Research firm Flurry has taken a look at how tablets are being used by consumers. Flurry’s view is that tablets — and the iPad in particular — are just beginning to demonstrate their full potential. The opposite side of that argument is that the more ubiquitous and more useful smartphones are displacing not only PCs but tablets as well. It’s not smartphones and tables versus PCs any more, it’s small screen versus big screen.
Flurry’s research broke tablet users into two demographics, teens and college students (ages 13 to 24) and working adults (age 25 to 54).
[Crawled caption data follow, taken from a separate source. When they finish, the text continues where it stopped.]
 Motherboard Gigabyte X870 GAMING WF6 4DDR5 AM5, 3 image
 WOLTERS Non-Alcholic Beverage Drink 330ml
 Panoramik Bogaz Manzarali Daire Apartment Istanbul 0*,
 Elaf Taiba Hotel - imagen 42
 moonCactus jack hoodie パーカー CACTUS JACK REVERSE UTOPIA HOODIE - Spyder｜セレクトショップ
The research found that tablet app usage by time of day followed the same pattern for both groups, with peak usage occurring at around 8 p.m.
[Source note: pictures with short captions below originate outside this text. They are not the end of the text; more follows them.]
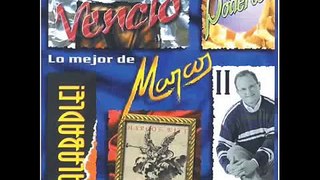 LO MEJOR DE MARCOS WITT VOL. 2 (1997) FULL ALBUM MUSICA CRISTIANA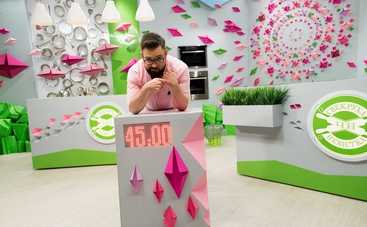 Свекруха чи невістка: смотреть 9 выпуск онлайн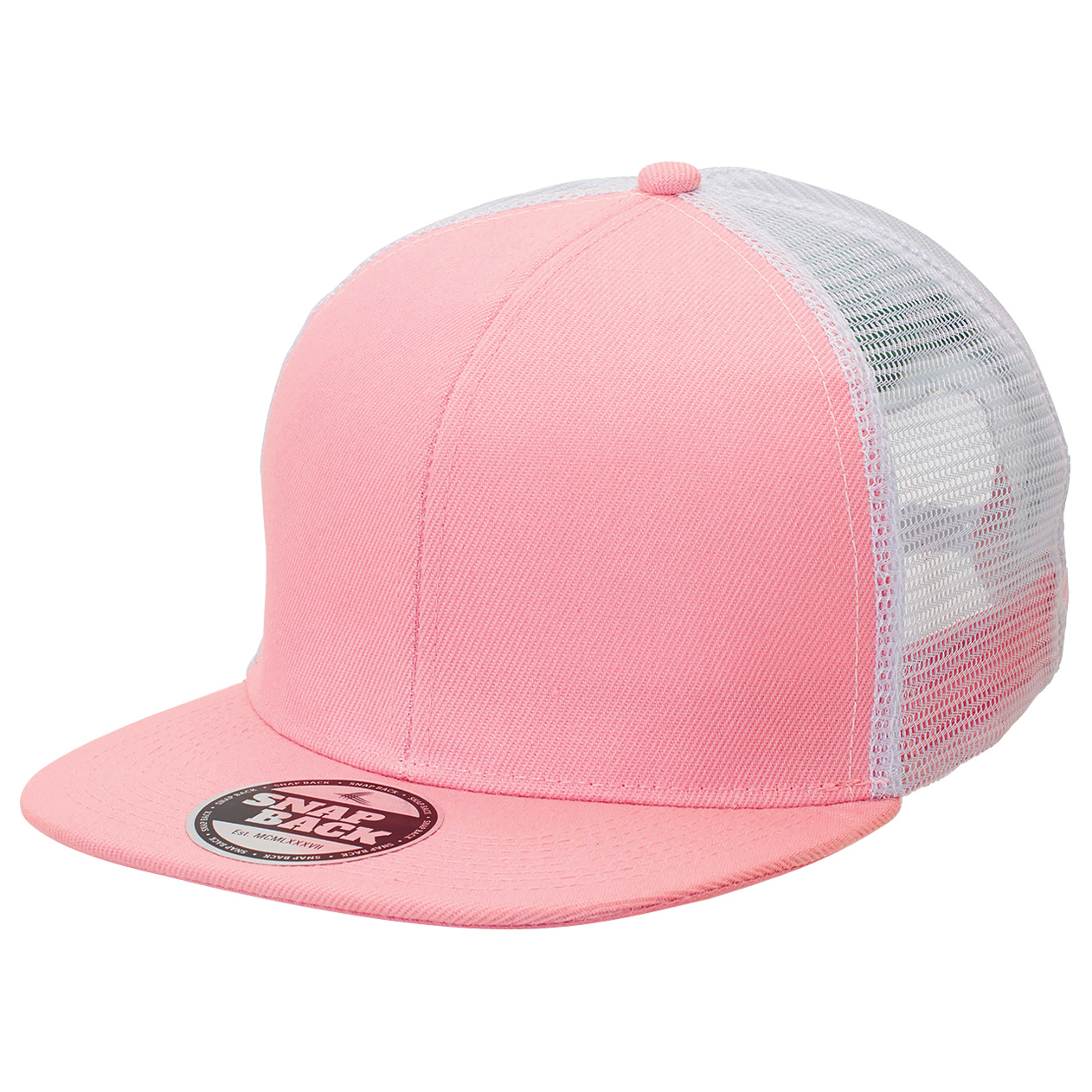 Snapback Trucker - 48642_50033.jpg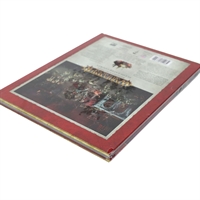 Warhammer Age of Sigmar - Flesh-Eater Courts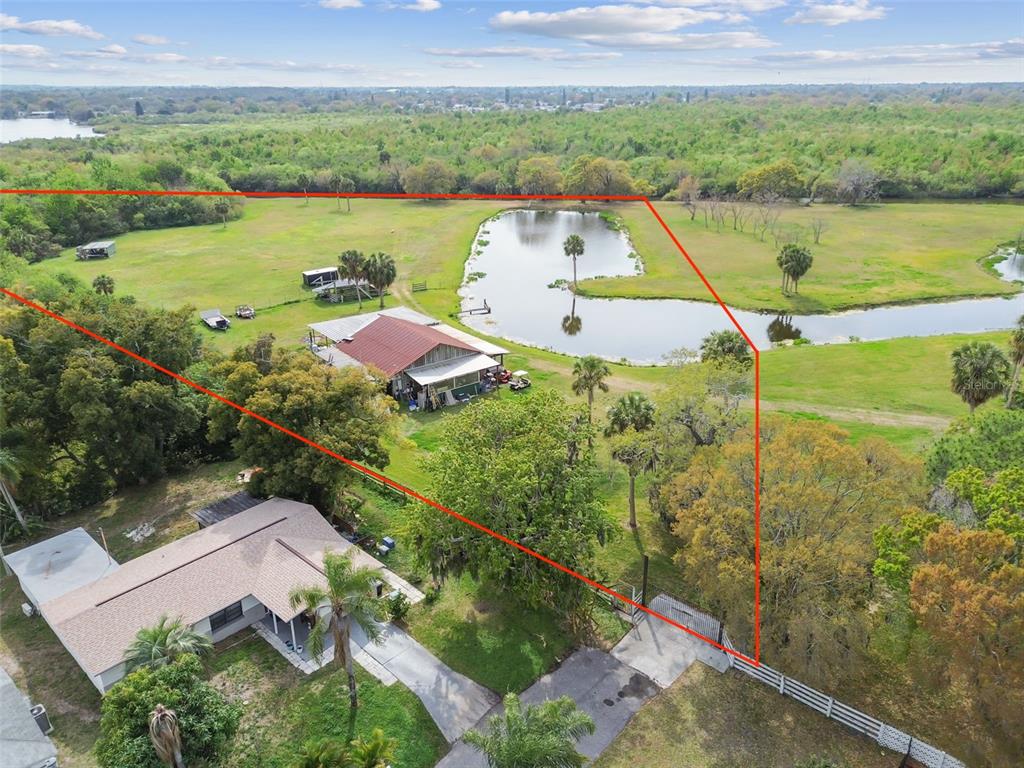 KIBLER LN, HOLIDAY, FL — photo 2 of 30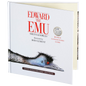 2023 Royal Australian Mint  Edward the Emu 20c Coloured Unc - Special Edition Book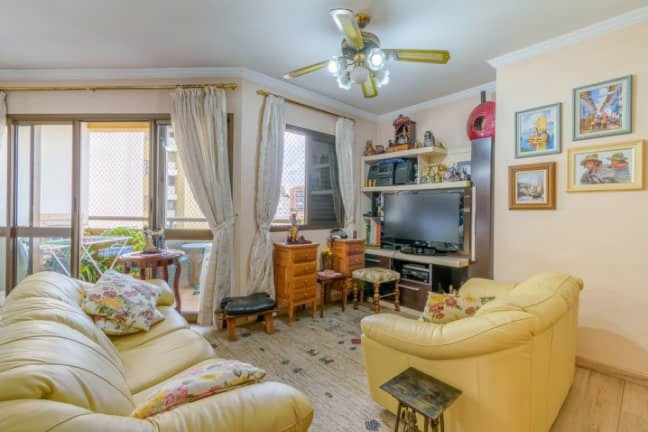 Imagem Apartamento com 3 Quartos à Venda, 103 m² em Alto Da Lapa - São Paulo Imagem Apartamento com 3 Quartos à Venda, 103 m² em Alto Da Lapa - São Paulo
The research also showed that working adults rarely swap their PCs for a tablet during working hours. However, the recent announcement from Microsoft Corp. (NASDAQ: MSFT) that it would make its Office suite of products available on the iPad may change that. Flurry believes that as productivity apps become available for the iPad and other tablets, usage of these devices will surpass PCs.
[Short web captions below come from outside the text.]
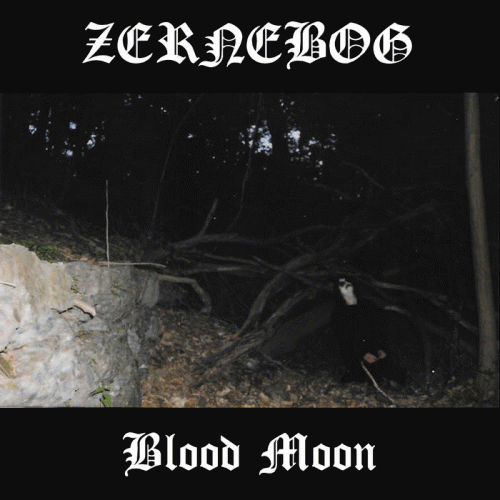 Zernebog : Blood Moon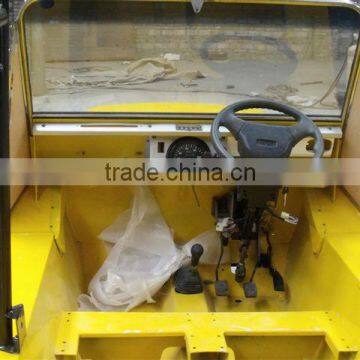 Japanese Classic Cars for Sale China Manufacturer Classic Vantage Car Gasoline Electric Car for Sale photo-2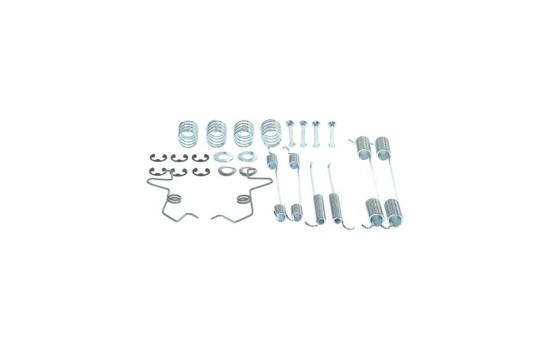 Accessory Kit, brake shoes, Image 4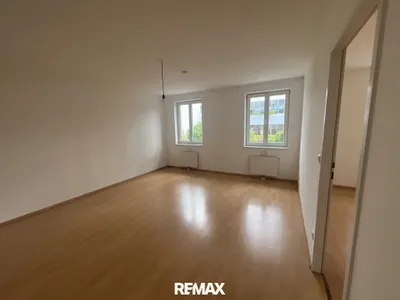 2-Zimmer-Wohnung mit Hof-Terrasse bei der Wiedner Hauptstraße – Bild 2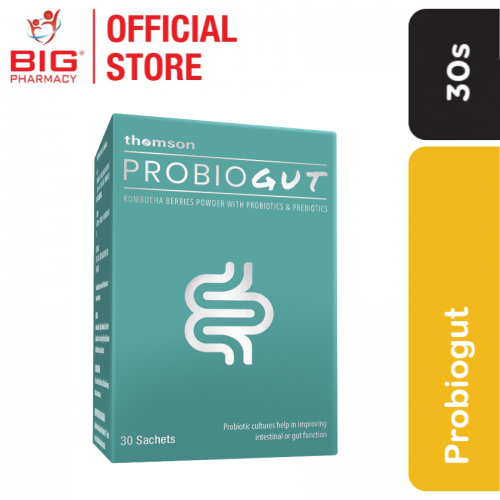 Thomson Probiogut 30s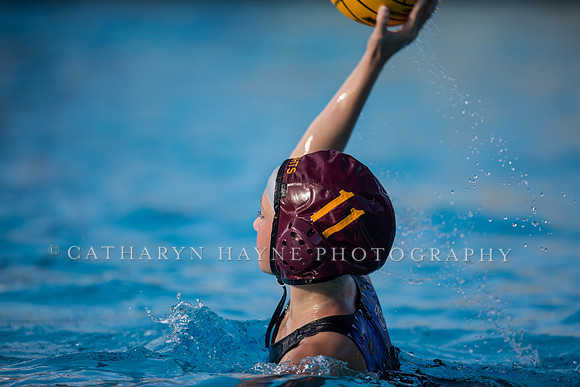 11U USA Water Polo Olympic Development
The alternative view is based on the vast numbers of smartphones now in use and that are being sold every quarter all over the world. Literally millions of apps are available both for Apple’s iOS and for the Android operating system from Google Inc. (NASDAQ: GOOG). The richness of this ecosystem is its most crucial advantage and one that it won’t relinquish any time soon.
Apple’s strength is that the iPad stands virtually alone in the tablet space garnering some 77% of all tablet based web traffic in the U.S. and Canada. If the tablet ecosystem can grow in richness, tablets are very likely to fulfill Tim Cook’s prediction that tablet sales will surpass PC sales. How tablets fare against smartphones remains to be seen.